In Harlem, many will begin this day by accompanying their mother to church to show mom how grateful to God you are for her. The Pastor will have his pick from a good batch of heroine mothers in the Bible. There’s the virtuous woman from Proverbs, the story of Ana who promised her son Samuel to God in exchange for the miracle of childbirth, or the story of the two women who both claimed to be the mother of a child before King Solomon.
Church will be followed by a nice lunch or dinner somewhere special. That’s not so hard is it?! The hard part is finding what to buy mom. If your mother is anything like my mother, the task becomes nearly impossible. That’s because my mother is one of those with very little attachments to earthly posessions. You’d think this would be admirable and pious, but it makes buying any kinds of gift a big headache. She makes her own perfumes and soaps so I can’t get her any of that. She’s lost weight and has rediscovered all sorts of unused clothes that she now fits into so I can’t get her any dresses. These days we (her kids) do our own cooking so it’s not like she’s laboring in the kitchen enough to warrant a new set of pots. Like I said…impossible! I’m sure every son and daughter in Harlem is feeling their own pressure to find mom the right gift. (Quick tip: If you’re mother is one of those old-school church goers, you can’t go wrong with a brand new Sunday hat.)

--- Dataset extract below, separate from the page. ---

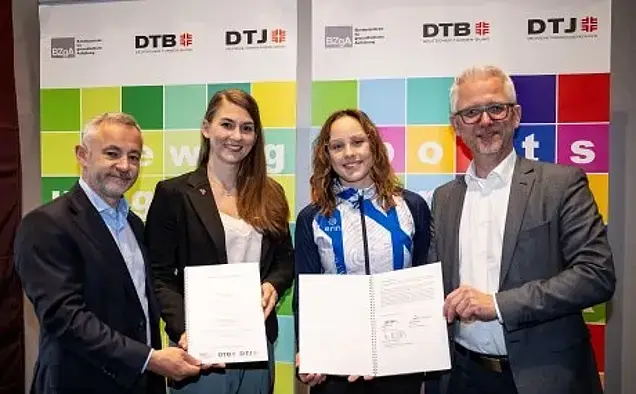Bild mit DTB-Präsident Dr. Alfons Hölzl, DTJ-Vorsitzender Julia Schneider, Nationalteam-Turnerin Sarah Voss und Prof. Dr. Martin Dietrich, Kommissarischer Direktor der BZgA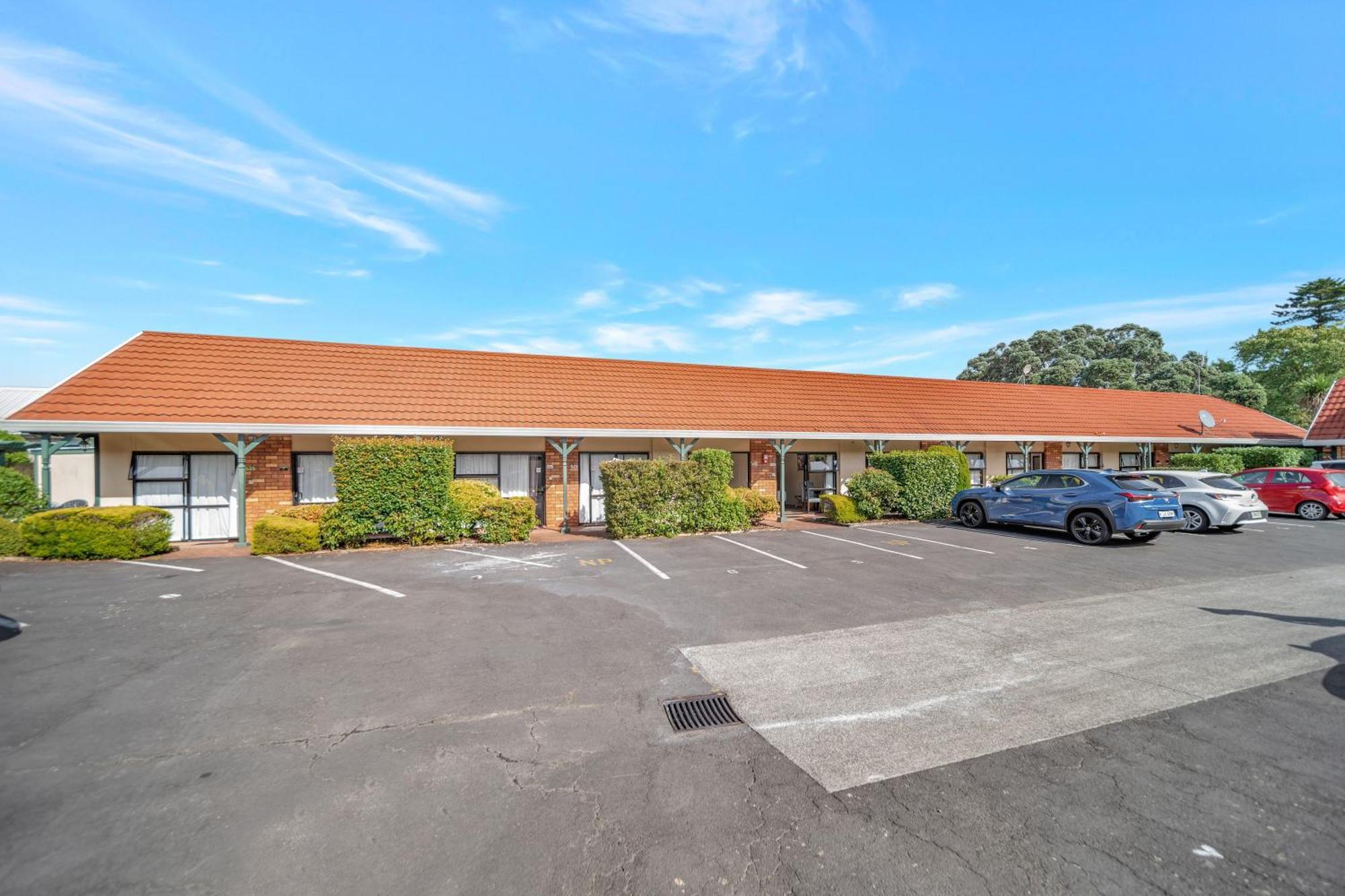 Tudor Court Motor Lodge Auckland Exterior photo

Amidst all the craziness I ask myself, ‘Who the heck came up with this holiday?’. It was actually imported over from Mother Britain not long after the American Civil War by a woman named Julia Ward Howe. Julia was born in NYC to well-to-do family. Appalled by the carnage wrought on by the American Civil War, Julia called on mother’s everywhere to unite against war. She wrote her famous Mother’s Day Proclamation in 1870 where she called on women to become pioneers of change in their political environment around them and foster peace. Despite her fervor and the amount of women she had rallied behind her, she was unsuccessful in getting an official recognition of Mother’s Day.
Another woman named Ann Jarvis who also organized women to promote sanitary conditions on both sides of the Civil War was a Sunday School teacher in a church in West Virginia where Mother’s day was first celebrated. The “fire” caught on to many other states and in 1912, President Woodrow Wilson declared it a national holiday. It was established as a memorial day where American citizens can honor those mothers who had lost children to the war. The years to follow brought on the over-commercialization of mother’s day to the point where descendants of Ann Jarvis became staunch opponents of what it had become.
So, it is now 2008. We are yet again a nation at war in Iraq and (though mentioned to a much lesser extent) Afghanistan. And with Sunday coming up you will see a flurry of commercials telling you, in not-so-many-words, to “Go out and buy mom something nice if you really love her!” You will also find those who will blast the media and big companies for preying on Americans’ sentiments for a couple of extra bucks. I, for one, am of the belief that things can be modernized, jazzed up, and reinterpreted to match the needs of the new generation so long as the foundation remains undisturbed. There is nothing insincere about taking your mother out to a fancy dinner on Sunday, getting her some new jewelry, or buying her that new set of cooking pots that she hinted at some months ago. Anything that favors honoring our mothers is to be praised. Plus, we are teetering on the edge of a recession.
However, let us not forget that Mother’s Day was founded on two main principles. One, that we as a nation should be a leader of peace as much as reasonably possible. Two, we should honor those mothers who have sons and daughters on active duty abroad, especially those whose children have lost their lives at war. It should also be a reminder of the roots that many women pioneers have laid to ensure women’s equality and suffrage rights and of the road that is left to pave.
Finally, I would like to wish all mothers and mothers-to-be a blessed Mother’s Day.